If you like naval battles, then this is the movie for you!
The Admiral gained a great deal of attention because it recorded over ten million views in only a couple of days, which was the quickest that any film had gained that type of viewership in such a short period of time.
The movie also became the most-viewed film in Korea right after Avatar had snatched up that title, so it’s widely acknowledged that the movie is worth watching!
The plot focuses on the historic 1957 battle, in which Admiral Yi Sun-sin defeated 330 Japanese ships invading Korean territory with only twelve ships of his own. It is definitely an underdog story full of action, and even though you know how it ends, it’s a film that will capture your attention and won’t let go until the credits are rolling.
This is a great movie to check out if you want to learn about Korean language and history at the same time. You can kill two birds with one stone in the short span of a two-hour film!
Check this film out and you’ll realize very quickly why it’s one of the most viewed movies in the world.
A Taxi Driver (택시운전사 | 2017)
Aside from the events in Joseon era, Korean historical movies also discuss contemporary events. So if you want to be entertained but learn something at the same time, A Taxi Driver is the film to see.
This movie highlights the life of a widowed man working in Seoul as a taxi driver. One day, he gets a foreign client who plans to go to Gwangju for a day trip. The client is a foreign journalist who wants to know and report about the civil unrest in Gwangju.
The film was set during the time when strict censorship was imposed by the government. A series of events led to what is known as the Gwangju democratic movement. What starts as a pretty simple plot becomes much more interesting with some civil unrest thrown into the mix!
The Battleship Island (군함도 | 2017)
Another contemporary historical film released in 2017, the Battleship Island starring So Jisub and Song Joongki, garnered much attention from Korean moviegoers.
The story covers the forced labor imposed by Japanese companies on Koreans during the Japanese occupation of Korea. The laborers were brought to an island called Hashima and they were forced to work beyond their limit without pay.
It’s an emotional story, and an important one for understanding a bit more about Korea-Japan relations.
Best Korean Action Movies
Here are the top Korean films in the action genre.
Chingu (친구 | 2001)
As most Korean lessons and textbooks teach the language as it is spoken in Seoul, people interested in learning the Busan dialect could find Chingu useful. This film follows the lives of four friends living in Busan’s gangster underworld.

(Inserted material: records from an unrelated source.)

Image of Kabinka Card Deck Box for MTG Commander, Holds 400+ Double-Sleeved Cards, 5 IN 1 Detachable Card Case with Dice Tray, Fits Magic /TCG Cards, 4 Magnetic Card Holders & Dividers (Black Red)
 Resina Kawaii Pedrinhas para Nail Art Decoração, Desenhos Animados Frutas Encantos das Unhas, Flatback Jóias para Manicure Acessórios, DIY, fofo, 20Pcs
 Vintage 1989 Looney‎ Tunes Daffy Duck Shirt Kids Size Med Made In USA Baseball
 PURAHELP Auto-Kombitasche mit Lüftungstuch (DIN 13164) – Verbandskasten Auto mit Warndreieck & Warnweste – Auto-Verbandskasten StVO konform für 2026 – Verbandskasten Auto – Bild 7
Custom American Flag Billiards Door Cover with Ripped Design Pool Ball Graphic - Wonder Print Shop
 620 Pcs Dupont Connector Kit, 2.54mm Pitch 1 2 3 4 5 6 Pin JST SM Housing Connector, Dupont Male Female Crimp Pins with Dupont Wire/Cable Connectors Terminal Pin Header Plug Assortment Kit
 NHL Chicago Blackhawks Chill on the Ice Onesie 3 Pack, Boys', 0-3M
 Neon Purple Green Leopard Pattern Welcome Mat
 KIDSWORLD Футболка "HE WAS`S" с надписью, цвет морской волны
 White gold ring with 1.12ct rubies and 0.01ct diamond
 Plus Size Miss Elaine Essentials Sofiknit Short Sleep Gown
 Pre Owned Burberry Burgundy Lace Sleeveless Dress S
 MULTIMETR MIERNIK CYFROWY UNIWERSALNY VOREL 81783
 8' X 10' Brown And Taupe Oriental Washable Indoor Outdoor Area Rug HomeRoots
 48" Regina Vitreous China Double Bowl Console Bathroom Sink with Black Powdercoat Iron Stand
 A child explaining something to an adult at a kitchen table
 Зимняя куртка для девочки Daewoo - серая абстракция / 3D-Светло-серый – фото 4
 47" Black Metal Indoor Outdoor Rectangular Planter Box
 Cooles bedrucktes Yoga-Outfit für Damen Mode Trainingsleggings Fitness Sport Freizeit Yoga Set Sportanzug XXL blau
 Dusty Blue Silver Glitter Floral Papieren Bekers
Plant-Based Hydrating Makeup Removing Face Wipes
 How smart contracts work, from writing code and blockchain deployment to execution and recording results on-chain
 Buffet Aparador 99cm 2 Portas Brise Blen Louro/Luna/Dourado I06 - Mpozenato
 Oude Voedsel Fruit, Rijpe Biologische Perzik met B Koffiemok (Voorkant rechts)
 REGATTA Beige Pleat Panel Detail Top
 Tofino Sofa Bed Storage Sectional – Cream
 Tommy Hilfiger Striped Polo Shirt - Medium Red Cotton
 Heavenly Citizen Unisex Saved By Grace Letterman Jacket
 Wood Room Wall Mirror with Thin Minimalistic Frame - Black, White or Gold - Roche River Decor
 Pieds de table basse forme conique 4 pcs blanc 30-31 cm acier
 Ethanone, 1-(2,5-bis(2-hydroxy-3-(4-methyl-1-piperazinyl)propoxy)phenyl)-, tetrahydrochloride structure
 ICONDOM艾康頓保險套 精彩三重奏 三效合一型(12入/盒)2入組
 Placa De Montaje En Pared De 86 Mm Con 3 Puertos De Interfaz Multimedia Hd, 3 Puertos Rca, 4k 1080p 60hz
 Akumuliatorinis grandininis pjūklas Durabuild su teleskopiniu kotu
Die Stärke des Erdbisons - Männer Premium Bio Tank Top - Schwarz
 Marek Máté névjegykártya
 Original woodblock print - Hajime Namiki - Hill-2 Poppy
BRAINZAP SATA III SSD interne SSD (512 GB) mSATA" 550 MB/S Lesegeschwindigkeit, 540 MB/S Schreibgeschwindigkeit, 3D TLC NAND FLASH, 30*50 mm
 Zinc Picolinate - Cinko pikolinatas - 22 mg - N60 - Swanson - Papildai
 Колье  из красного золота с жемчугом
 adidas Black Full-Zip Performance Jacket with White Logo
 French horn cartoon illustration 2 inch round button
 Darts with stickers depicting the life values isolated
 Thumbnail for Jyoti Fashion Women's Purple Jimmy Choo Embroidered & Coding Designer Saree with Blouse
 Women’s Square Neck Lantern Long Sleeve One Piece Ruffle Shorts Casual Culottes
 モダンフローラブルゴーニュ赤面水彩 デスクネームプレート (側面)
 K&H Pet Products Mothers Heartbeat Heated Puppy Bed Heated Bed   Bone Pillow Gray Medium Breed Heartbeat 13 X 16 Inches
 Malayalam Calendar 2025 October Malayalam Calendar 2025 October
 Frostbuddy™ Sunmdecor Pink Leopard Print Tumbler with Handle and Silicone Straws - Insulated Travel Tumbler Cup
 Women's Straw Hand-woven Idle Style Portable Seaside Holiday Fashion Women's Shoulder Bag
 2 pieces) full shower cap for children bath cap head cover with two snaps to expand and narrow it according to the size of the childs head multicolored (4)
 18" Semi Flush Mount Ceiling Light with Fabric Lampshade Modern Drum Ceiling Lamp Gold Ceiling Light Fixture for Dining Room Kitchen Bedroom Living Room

It starts when they are young children, and continues into their adult lives, so you’re definitely invested in their story by the time the movie’s over.
The Good, The Bad, The Weird (좋은 놈, 나쁜 놈, 이상한 놈 | 2008)
Kim Jee-Woon’s The Good, The Bad, The Weird is a ‘Western’ movie that is very easy to follow and isn’t too fast-paced for an action film.
It follows three characters (the titular good, bad, and weird) in the ‘Wild East’ of 1940’s Manchuria as they try to find some buried treasure whilst simultaneously avoiding the Japanese army. Lee Byung-Hun (GI Joe, Terminator Genisys) stars as ‘The Bad’.
Haeundae (해운대 | 2009)
Haeundae builds up the character’s stories slowly before washing them all away in a giant tsunami. As the tsunami is the plot twist (although the English title ‘Tidal Wave’ kind of gives it away), the movie is very easy to follow.
There are also a bunch of fun special effects as the tsunami is gaining force, so if you’re a fan of CGI and disaster movies then this will definitely be a good fit for you.
Throw on Haeundae the next time you want to practice your language skills but don’t want to pay a ton of attention to what’s going on in the story.
The Thieves (도둑들 | 2012)
The Thieves is a standard heist movie similar to the Ocean’s Eleven franchise. As the plot is quite obvious, it is easy to follow, but that’s not to say it’s not fun to watch. You can focus on the language they use and still enjoy it.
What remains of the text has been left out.